Gal se trouvait physiquement diminué. Il devait agir méthodiquement et rapidement pour ne pas se mettre davantage en danger. Le capitaine empoigna le manche et arracha l’arme plantée dans son ventre. Il égorgea ensuite l’immonde pourceau cause de sa blessure car il puiserait trop dans ses réserves pour le déplacer. De plus cette vengeance atténua légèrement sa douleur. Il marcha ensuite à pas mesurés jusqu’à sa monture et dans un effort démesuré enjamba son destrier. Gal lança alors son cheval avec l’objectif de s’éloigner au maximum des combats. Le fier guerrier serra les dents, avançant tout en maintenant un point de compression sur l’entaille jusqu’à son seuil de tolérance à la douleur.

Au crépuscule, une dizaine de kilomètres séparaient le cavalier meurtri du comptoir gnome. Dans l’impossibilité technique autant que stratégique de faire un feu, le capitaine devait profiter des derniers rayons de soleil pour se soigner avant de dormir. Il mit donc pied à terre et fit descendre sans ménagement ses prisonniers. Heureusement, sur les conseils du Maître, il emportait toujours une sacoche remplie du nécessaire pour effectuer les premiers soins. Le blessé prit une aiguille et du fil pour recoudre sa plaie. Il appliqua ensuite un onguent puis un cataplasme. Il termina ses soins avec un bandage autour de son torse. Gal vida alors la moitié d’un outre d’eau tant il était assoiffé puis sombra dans le coma, épuisé par ces efforts.

Le capitaine se réveilla à l’aube. Avait-il dormi toute la nuit ou plusieurs jours, impossible de le déterminer avec certitude, mais la douleur encore intense sur son flan fournissait un élément de réponse. Après s’être désaltéré, il abreuva brièvement ses trois prisonniers puis les questionna en langue elfique. « Rrrr ! Que mangez-vous ? Êtes-vous carnivores ou herbivores ? »

Le premier gnome capturé se trouvait dans l’incapacité d’articuler un mot. Le coup de massue lui avait fracturé la mâchoire. C’est donc son congénère qui répondit apeuré. « Nous autres gnomes, nous satisfaisons de ce que nous trouvons. Viande ou légumes, nous nous adaptons aux circonstances. »

Le satyre ne répondant pas, Gal lui donna un coup de pied en reposant sa question. « Rrrr ! Et toi, qu’est-ce que tu manges ? Réponds chien ! »

Le prisonnier s’exprima dans sa langue étrange, d’un ton suppliant. « Blaoug ! Maglaboug ! Frruittiagamaladrala ! »

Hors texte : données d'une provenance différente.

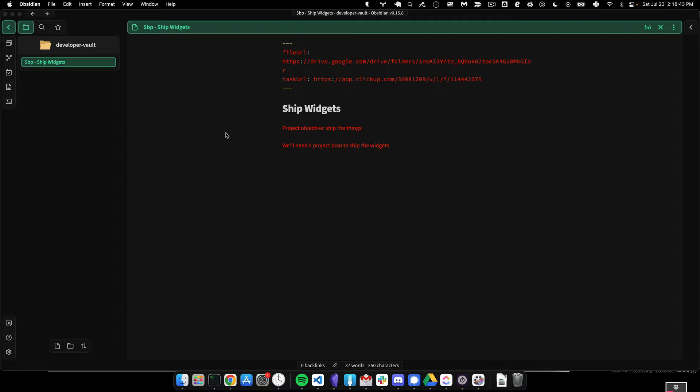So I've created the open related URL plugin so that I can put URLs in the front matter and quickly access them.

Le gnome intervint. « Il dit qu’il est désolé, qu’il ne parle que le satyre. Et que cela ne sert à rien de le taper pour ça. »

« Rrrr ! Si tu parles sa langue, traduit ma question ! »

Le gnome obtempéra et retranscrit la réponse du satyre. « C’est un herbivore. Il se nourrit principalement de feuilles de chênes. »

Gal opéra un rapide repérage des environs puis s’empara de la hachette lui servant à faire du petit bois pour le feu. Il se dirigea auprès d’un jeune chêne et en coupa une grande branche qu’il rapporta aux prisonniers. Déposant le feuillage à leurs pieds, il les prévint. « Rrrr ! Restaurez-vous tant que je vous en laisse le temps ! » Sur ces mots, l’orc sortit de sa sacoche des tranches de lard enroulées dans un linge. Après les avoir ingérés en mastiquant consciencieusement, il soigna sa plaie et changea son bandage. Ceci étant fait, le capitaine décida qu’il fallait reprendre la route. Il bâillonna à nouveau ses prisonniers. Puis Gal les relia les uns aux autres par une corde et leur expliqua ce qu’il attendait d’eux. « Maintenant que vous êtes conscients, vous allez me suivre en marchant. Rrrr ! A la moindre tentative de fuite, je vous égorge comme des porcs ! Compris ? » Le satyre ne parlait pas l’elfique, mais le ton de son tortionnaire suffit à lui faire comprendre le sens de l’intervention.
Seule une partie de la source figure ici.